• [WHAT IS REQUIRED] Could you write the entries out again, exactly as they are?

──────── DATA RECORDS

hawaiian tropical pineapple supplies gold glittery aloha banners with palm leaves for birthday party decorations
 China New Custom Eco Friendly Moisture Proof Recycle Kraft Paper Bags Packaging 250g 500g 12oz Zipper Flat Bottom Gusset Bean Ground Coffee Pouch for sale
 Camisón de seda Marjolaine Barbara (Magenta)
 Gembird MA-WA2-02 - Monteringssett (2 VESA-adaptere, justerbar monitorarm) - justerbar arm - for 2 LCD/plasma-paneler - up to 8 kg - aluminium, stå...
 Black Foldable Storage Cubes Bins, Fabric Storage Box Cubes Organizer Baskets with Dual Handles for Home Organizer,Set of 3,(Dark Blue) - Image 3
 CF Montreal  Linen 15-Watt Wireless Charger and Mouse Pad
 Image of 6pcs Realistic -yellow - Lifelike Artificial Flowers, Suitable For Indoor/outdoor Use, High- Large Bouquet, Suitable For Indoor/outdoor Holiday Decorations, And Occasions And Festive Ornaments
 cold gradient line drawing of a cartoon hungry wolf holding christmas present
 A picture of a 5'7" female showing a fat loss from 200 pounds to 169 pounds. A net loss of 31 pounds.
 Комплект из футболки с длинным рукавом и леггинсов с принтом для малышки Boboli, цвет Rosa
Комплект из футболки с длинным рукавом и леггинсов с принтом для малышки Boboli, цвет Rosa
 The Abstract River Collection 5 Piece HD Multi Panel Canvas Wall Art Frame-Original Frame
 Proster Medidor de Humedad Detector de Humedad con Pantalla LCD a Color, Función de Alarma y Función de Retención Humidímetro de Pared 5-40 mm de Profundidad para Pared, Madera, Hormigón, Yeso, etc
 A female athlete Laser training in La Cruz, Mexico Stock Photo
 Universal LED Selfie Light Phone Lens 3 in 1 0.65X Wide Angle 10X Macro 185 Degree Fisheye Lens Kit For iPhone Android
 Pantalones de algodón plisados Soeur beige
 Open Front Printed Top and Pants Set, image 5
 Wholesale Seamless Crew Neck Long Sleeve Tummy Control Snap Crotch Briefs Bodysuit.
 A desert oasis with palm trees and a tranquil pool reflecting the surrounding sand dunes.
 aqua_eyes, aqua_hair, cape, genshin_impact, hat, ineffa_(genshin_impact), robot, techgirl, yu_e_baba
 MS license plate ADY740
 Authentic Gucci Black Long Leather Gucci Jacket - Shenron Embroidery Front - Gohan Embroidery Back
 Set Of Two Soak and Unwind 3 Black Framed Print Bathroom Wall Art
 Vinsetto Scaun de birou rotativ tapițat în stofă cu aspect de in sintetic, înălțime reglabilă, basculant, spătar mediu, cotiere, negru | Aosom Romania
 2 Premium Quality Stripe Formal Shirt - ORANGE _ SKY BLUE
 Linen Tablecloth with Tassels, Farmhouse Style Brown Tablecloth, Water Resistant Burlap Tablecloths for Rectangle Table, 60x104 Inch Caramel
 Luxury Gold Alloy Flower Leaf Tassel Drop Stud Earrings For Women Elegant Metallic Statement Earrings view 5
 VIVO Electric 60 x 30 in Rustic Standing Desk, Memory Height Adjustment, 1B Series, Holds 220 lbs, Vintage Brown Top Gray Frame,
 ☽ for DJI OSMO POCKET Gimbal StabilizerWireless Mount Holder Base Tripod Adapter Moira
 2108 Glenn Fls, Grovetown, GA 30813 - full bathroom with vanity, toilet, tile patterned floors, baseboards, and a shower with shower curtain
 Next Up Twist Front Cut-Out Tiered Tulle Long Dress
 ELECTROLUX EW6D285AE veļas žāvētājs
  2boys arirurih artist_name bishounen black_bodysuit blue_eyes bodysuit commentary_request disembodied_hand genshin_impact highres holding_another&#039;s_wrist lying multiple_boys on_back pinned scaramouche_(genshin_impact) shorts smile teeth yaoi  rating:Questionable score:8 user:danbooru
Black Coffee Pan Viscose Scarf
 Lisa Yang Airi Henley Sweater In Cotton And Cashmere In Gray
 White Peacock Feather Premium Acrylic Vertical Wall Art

────────────────

• [ANSWER TO THIS TASK]
hawaiian tropical pineapple supplies gold glittery aloha banners with palm leaves for birthday party decorations
 China New Custom Eco Friendly Moisture Proof Recycle Kraft Paper Bags Packaging 250g 500g 12oz Zipper Flat Bottom Gusset Bean Ground Coffee Pouch for sale
 Camisón de seda Marjolaine Barbara (Magenta)
 Gembird MA-WA2-02 - Monteringssett (2 VESA-adaptere, justerbar monitorarm) - justerbar arm - for 2 LCD/plasma-paneler - up to 8 kg - aluminium, stå...
 Black Foldable Storage Cubes Bins, Fabric Storage Box Cubes Organizer Baskets with Dual Handles for Home Organizer,Set of 3,(Dark Blue) - Image 3
 CF Montreal  Linen 15-Watt Wireless Charger and Mouse Pad
 Image of 6pcs Realistic -yellow - Lifelike Artificial Flowers, Suitable For Indoor/outdoor Use, High- Large Bouquet, Suitable For Indoor/outdoor Holiday Decorations, And Occasions And Festive Ornaments
 cold gradient line drawing of a cartoon hungry wolf holding christmas present
 A picture of a 5'7" female showing a fat loss from 200 pounds to 169 pounds. A net loss of 31 pounds.
 Комплект из футболки с длинным рукавом и леггинсов с принтом для малышки Boboli, цвет Rosa
Комплект из футболки с длинным рукавом и леггинсов с принтом для малышки Boboli, цвет Rosa
 The Abstract River Collection 5 Piece HD Multi Panel Canvas Wall Art Frame-Original Frame
 Proster Medidor de Humedad Detector de Humedad con Pantalla LCD a Color, Función de Alarma y Función de Retención Humidímetro de Pared 5-40 mm de Profundidad para Pared, Madera, Hormigón, Yeso, etc
 A female athlete Laser training in La Cruz, Mexico Stock Photo
 Universal LED Selfie Light Phone Lens 3 in 1 0.65X Wide Angle 10X Macro 185 Degree Fisheye Lens Kit For iPhone Android
 Pantalones de algodón plisados Soeur beige
 Open Front Printed Top and Pants Set, image 5
 Wholesale Seamless Crew Neck Long Sleeve Tummy Control Snap Crotch Briefs Bodysuit.
 A desert oasis with palm trees and a tranquil pool reflecting the surrounding sand dunes.
 aqua_eyes, aqua_hair, cape, genshin_impact, hat, ineffa_(genshin_impact), robot, techgirl, yu_e_baba
 MS license plate ADY740
 Authentic Gucci Black Long Leather Gucci Jacket - Shenron Embroidery Front - Gohan Embroidery Back
 Set Of Two Soak and Unwind 3 Black Framed Print Bathroom Wall Art
 Vinsetto Scaun de birou rotativ tapițat în stofă cu aspect de in sintetic, înălțime reglabilă, basculant, spătar mediu, cotiere, negru | Aosom Romania
 2 Premium Quality Stripe Formal Shirt - ORANGE _ SKY BLUE
 Linen Tablecloth with Tassels, Farmhouse Style Brown Tablecloth, Water Resistant Burlap Tablecloths for Rectangle Table, 60x104 Inch Caramel
 Luxury Gold Alloy Flower Leaf Tassel Drop Stud Earrings For Women Elegant Metallic Statement Earrings view 5
 VIVO Electric 60 x 30 in Rustic Standing Desk, Memory Height Adjustment, 1B Series, Holds 220 lbs, Vintage Brown Top Gray Frame,
 ☽ for DJI OSMO POCKET Gimbal StabilizerWireless Mount Holder Base Tripod Adapter Moira
 2108 Glenn Fls, Grovetown, GA 30813 - full bathroom with vanity, toilet, tile patterned floors, baseboards, and a shower with shower curtain
 Next Up Twist Front Cut-Out Tiered Tulle Long Dress
 ELECTROLUX EW6D285AE veļas žāvētājs
  2boys arirurih artist_name bishounen black_bodysuit blue_eyes bodysuit commentary_request disembodied_hand genshin_impact highres holding_another&#039;s_wrist lying multiple_boys on_back pinned scaramouche_(genshin_impact) shorts smile teeth yaoi  rating:Questionable score:8 user:danbooru
Black Coffee Pan Viscose Scarf
 Lisa Yang Airi Henley Sweater In Cotton And Cashmere In Gray
 White Peacock Feather Premium Acrylic Vertical Wall Art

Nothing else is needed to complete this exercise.